Start even smaller by leaving me a comment below, tell me what you’re grateful for today.
Gratitude is the healthiest emotion. If you dwell on the negative, the brain reinforces those negative emotions. The good news is that you can change how your brain thinks.
Have you ever said, 'That's how I am, I can't change'? Science used to believe this, with our limited knowledge of how the brain works. We used to think that our personality was fixed, our characteristics were fixed. But research has come on in leaps and bounds over the last few years, and understanding of the brain has changed significantly.
I’m no scientist, but I’ve read many, many books on thinking, behaviour and habits. I’ve often come across this idea of neuroplasticity – the idea that we can change the neural pathways in our brains. Jane Ransom, in her TEDx talk, says that exercising gratitude physically remaps the brain, reforms the subconscious mind.
You can watch the TEDx talk here
To be effective it requires three elements
Feel the emotion of being grateful, really connect with it
Extend your gratitude to the people in your life. Family, friends, loved ones. For the purposes of improving things at work, extend your gratitude to those who help you at work, a colleague you’ve become friends with, a manager who helped you get promoted, someone who’s helped you learn a new task…. Even a little thing, someone who made you a coffee today, or gave you a smile as you arrived.

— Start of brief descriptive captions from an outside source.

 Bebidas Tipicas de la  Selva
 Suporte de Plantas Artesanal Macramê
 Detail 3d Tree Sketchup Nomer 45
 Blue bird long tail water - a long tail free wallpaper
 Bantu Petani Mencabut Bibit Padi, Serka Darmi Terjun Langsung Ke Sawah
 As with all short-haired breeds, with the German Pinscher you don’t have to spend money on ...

Like physical exercise strengthens our muscles, a gratitude exercise strengthens those new neural pathways. Ransom suggests a minimum of two weeks; I think that for the benefits to remain, the exercise needs to be more ongoing. However, it does seem that even two weeks can help you feel happier. Maybe a couple of times a week once the pathways have been set up? But every day to start with.

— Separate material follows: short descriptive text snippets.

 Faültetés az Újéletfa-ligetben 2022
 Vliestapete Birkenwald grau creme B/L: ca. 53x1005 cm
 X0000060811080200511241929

Ransom gives some examples from her own life of how this has helped her. Let me share a story about someone I‘m close to (no names to preserve the confidentiality). She has long had a very negative attitude towards life. Hated her job – or specifically the management and how they treated her. But was also quite negative in other areas of her life. I persuaded her to start a gratitude journal, which she did, and kept up for a year writing three things every day. I’ve noticed the difference in the way she encourages others to be less critical of themselves, and often makes supportive comments. This is such a turnaround from the previous habit of commiserating with others, moaning about life. They say misery loves company, and it so easy to fall into the trap of agreeing that life is unfair. But focusing on what she’s grateful for has helped her to be less critical of others, less down about herself and happier in life.
Write it down
Get a nice notebook. Science has shown us that our brain engages differently if we write, so you'll get more benefit if you do this. No-one need see it, it's just for you. Start writing down three things you’re grateful for at the end of each day. Do this for the minimum of two weeks, but I’d encourage you to keep it up, even if only two or three times a week after the initial period.